-- Data section --
/---

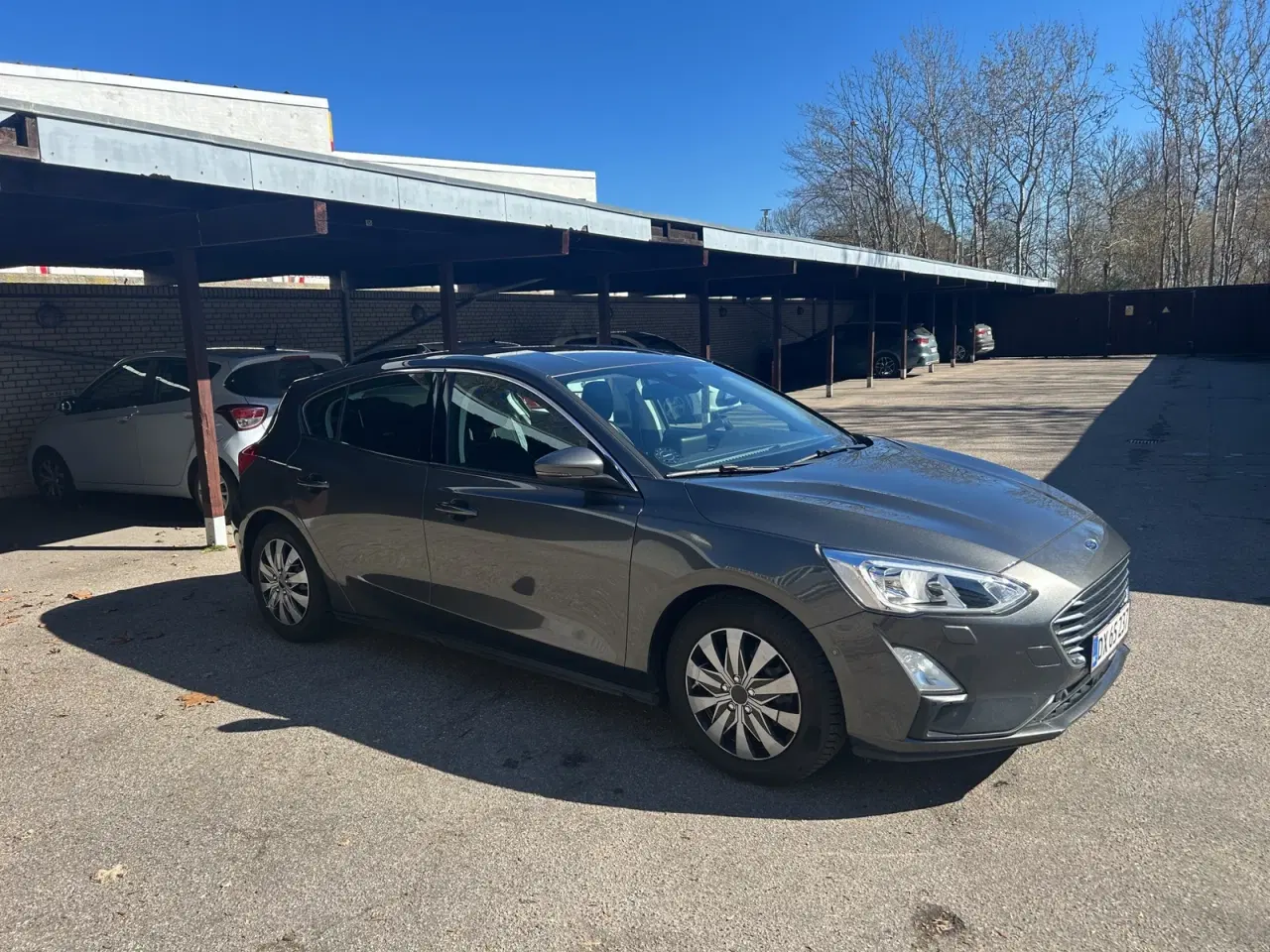 Billede 3 - Ford Focus 1,5 EcoBoost Titanium stc. aut.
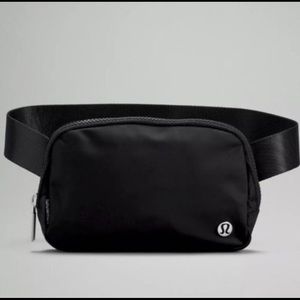 Everywhere belt bag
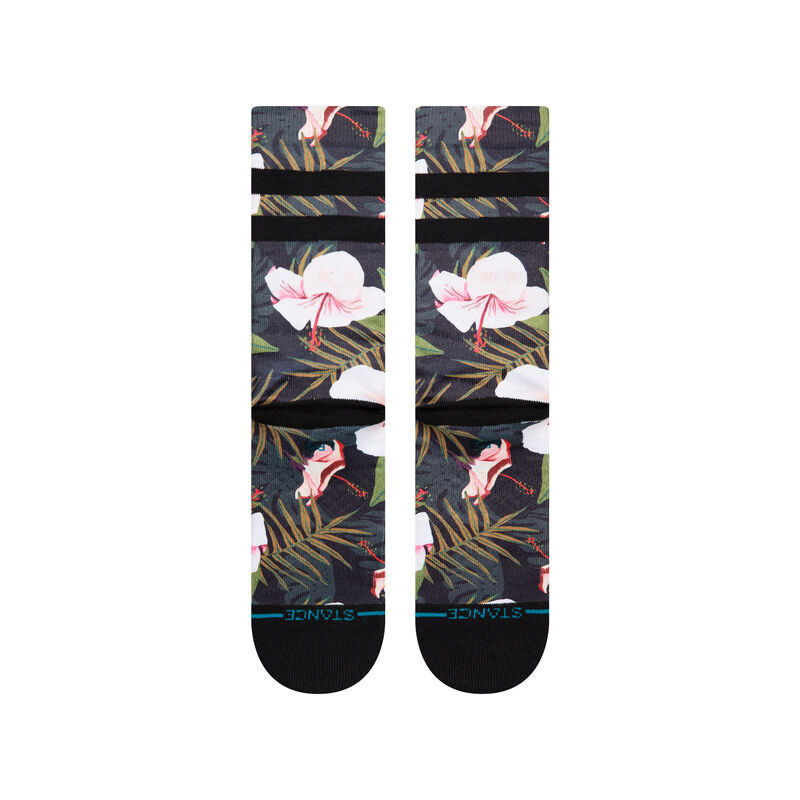 Laulima Crew Socks | Women&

\---

-- Exercise goal --
Would you please output the listing above exactly, leaving out the pictures?

-- Answer below --
 Billede 3 - Ford Focus 1,5 EcoBoost Titanium stc. aut.
 Everywhere belt bag
 Laulima Crew Socks | Women&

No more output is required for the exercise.